Caius ist einer der Gründer:innen, die den gemeinschaftlichen Aspekt hier wertschätzen. Gerade frisch die Schule beendet, arbeitet der 19.-Jährige hier an seinem Startup zur Verbesserung von Videografie. Der Fakt, dass es hier manchmal laut wird, stört ihn nicht. „Du musst dich immer mit Menschen umgeben, die klüger sind als du. Nur so kann man was lernen.“

In alten Fabriksvierteln wie hier in Telliskivi entstehen heute innvoative Kreativzentren. (c) Hannah Fasching

Wenige Menschen, großes Netzwerk

Anders als AustrianStartups in Österreich, ist Startup Estonia nicht als Verein, sondern staatlich organisiert. Das Hauptziel: ein qualitatives Startup-Umfeld zu schaffen und zu erhalten. „Estland ist im Vergleich so klein. Wir sind also gut miteinander vernetzt. Daher macht es Sinn, dass jeder Gründer jemanden kennt, der wieder jemanden kennt, der den Kontakt hat, den man gerade braucht“, beschreibt Getter Voitka von Startup Estonia das Zusammenspiel.
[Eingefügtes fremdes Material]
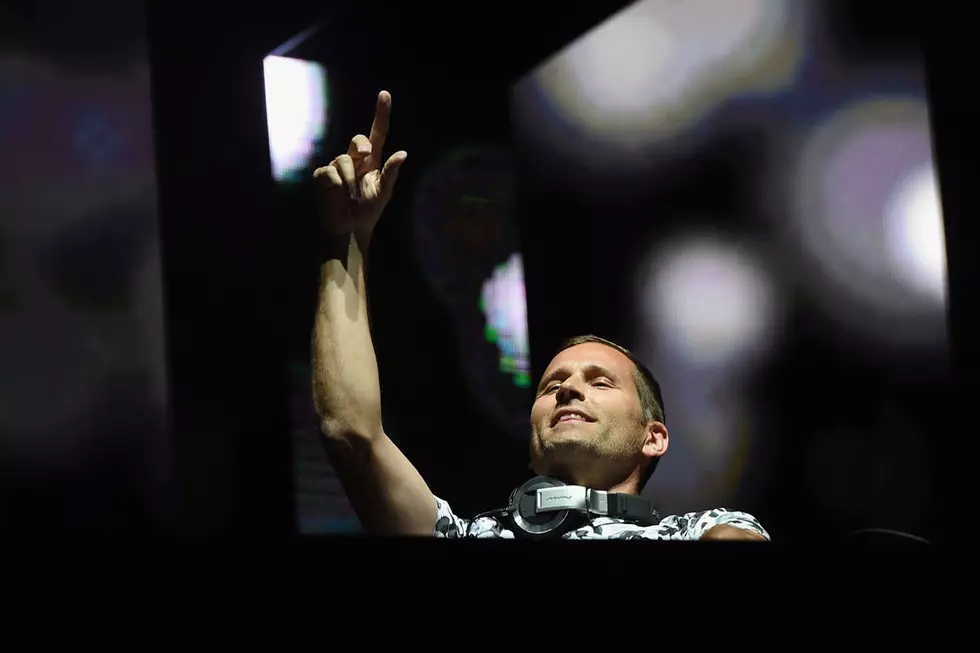 Kaskade Announces ‘Automatic’ Release Date and North American Tour Dates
Bei regelmäßigen Roundtables mit dem Ministerium, einflussreichen Gründer:innen und dem Business-Angel-Netzwerk wird versucht, Lösungen für aktuelle Probleme zu finden. „Wir können dadurch auch die Gesetzgebung oder Finanzierungsmöglichkeiten anstoßen“, erklärt Voitka. Deep Tech, Defence und Heath Tech seien die Brachen, die in Estland gerade besonders boomen würde.

Vertrauen als Basis

Nachdem alle Fragen vom Wise-Gründer Taavet Hinrikus im Ruum beantwortet wurden, gibt es ein gemeinsames Mittagessen. Der Drang zum Gründen ist in Estland groß, der Drang zum Helfen auch. Auch wenn das Volk im ersten Moment diskret erscheint, steht Vertrauen im Vordergrund. Vertrauen in den digitalen Staat und Vertrauen in die Community. In den innovativen Zentren Tallinns weiß man, warum sich Estland, das vor bald 40 Jahren noch vor dem Nichts stand, so schnell zum digitalen und wirtschaftlichen Pionier in Europa entwickelt hat. Die Erfolgsformel: Gemeinsam an Lösungen arbeiten, Hilfe annehmen und irgendwann selbst etwas zurückgeben.